TASK ITEM: Repeat the lines from the line with "TGV_SE_Saint_Lothain.jpg" to the line with "Dunlop Sp Sport Maxx 050+ 235/45R18" in the listing below, keeping both end lines and adding nothing.

MATERIALS PROVIDED:
--- START ---

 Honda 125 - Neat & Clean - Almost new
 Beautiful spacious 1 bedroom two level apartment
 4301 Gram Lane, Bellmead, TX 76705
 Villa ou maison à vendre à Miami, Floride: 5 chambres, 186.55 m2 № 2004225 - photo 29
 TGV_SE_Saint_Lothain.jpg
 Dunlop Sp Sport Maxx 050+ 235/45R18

--- END ---
--- START ---

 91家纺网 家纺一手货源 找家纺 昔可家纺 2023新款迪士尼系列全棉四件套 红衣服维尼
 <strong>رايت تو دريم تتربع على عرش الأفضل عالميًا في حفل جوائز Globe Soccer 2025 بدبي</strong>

--- END ---
--- START ---

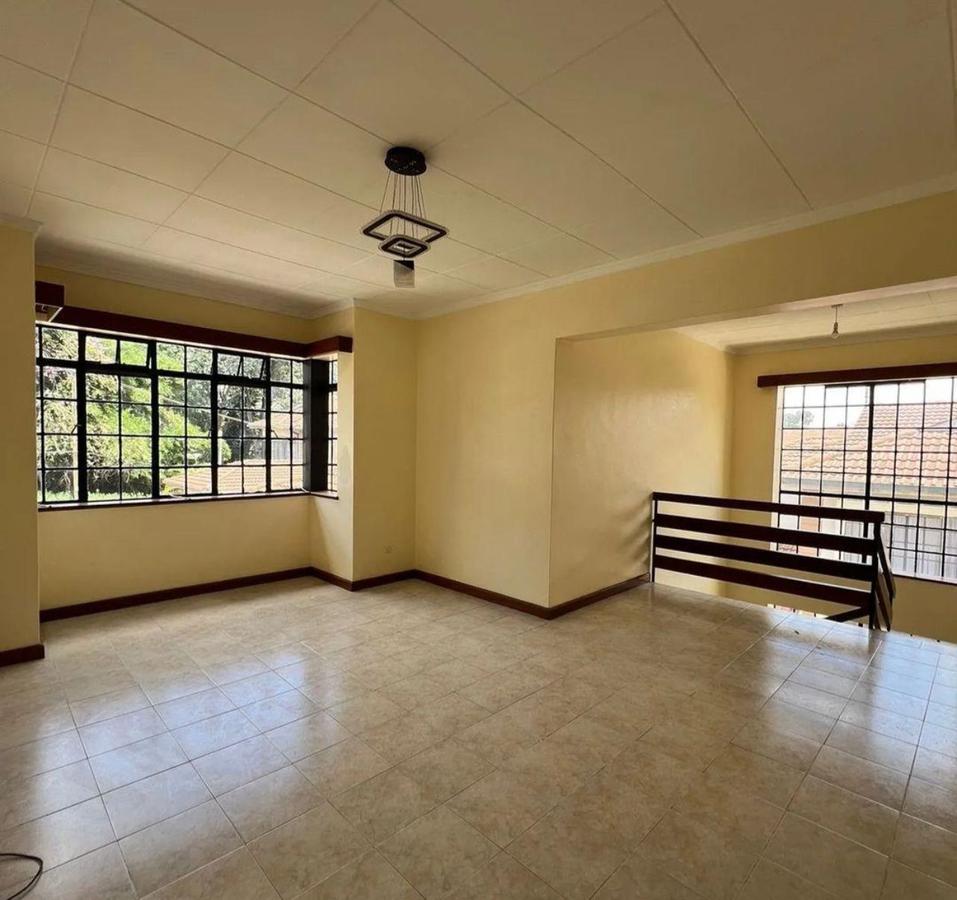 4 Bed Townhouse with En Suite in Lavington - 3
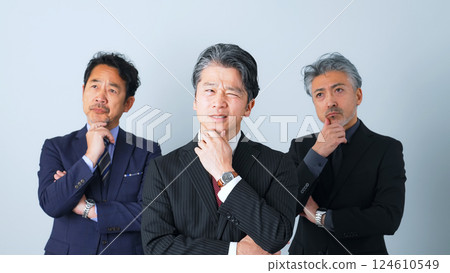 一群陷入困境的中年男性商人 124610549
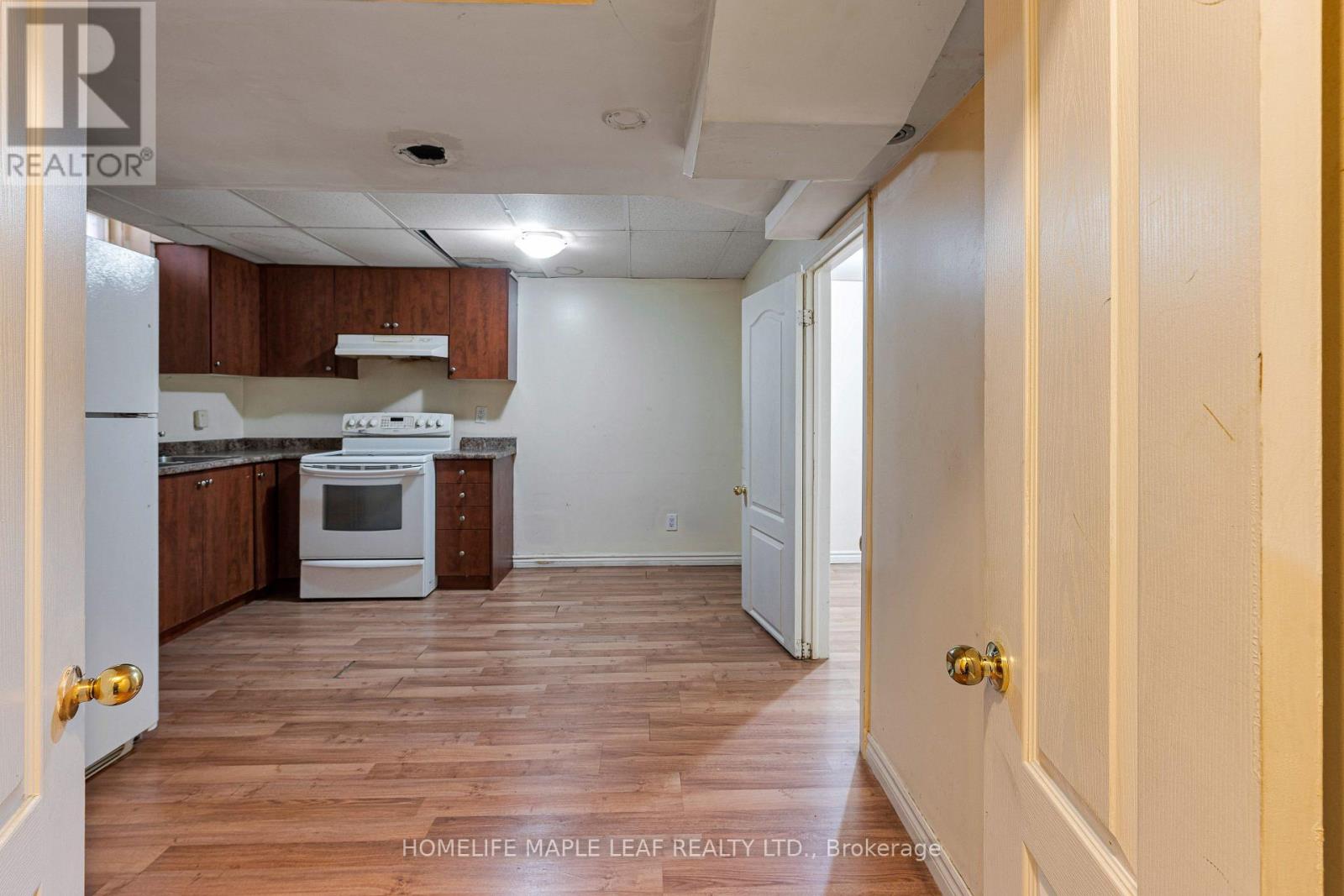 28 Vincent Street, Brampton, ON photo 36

--- END ---

TASK RESULT:
 TGV_SE_Saint_Lothain.jpg
 Dunlop Sp Sport Maxx 050+ 235/45R18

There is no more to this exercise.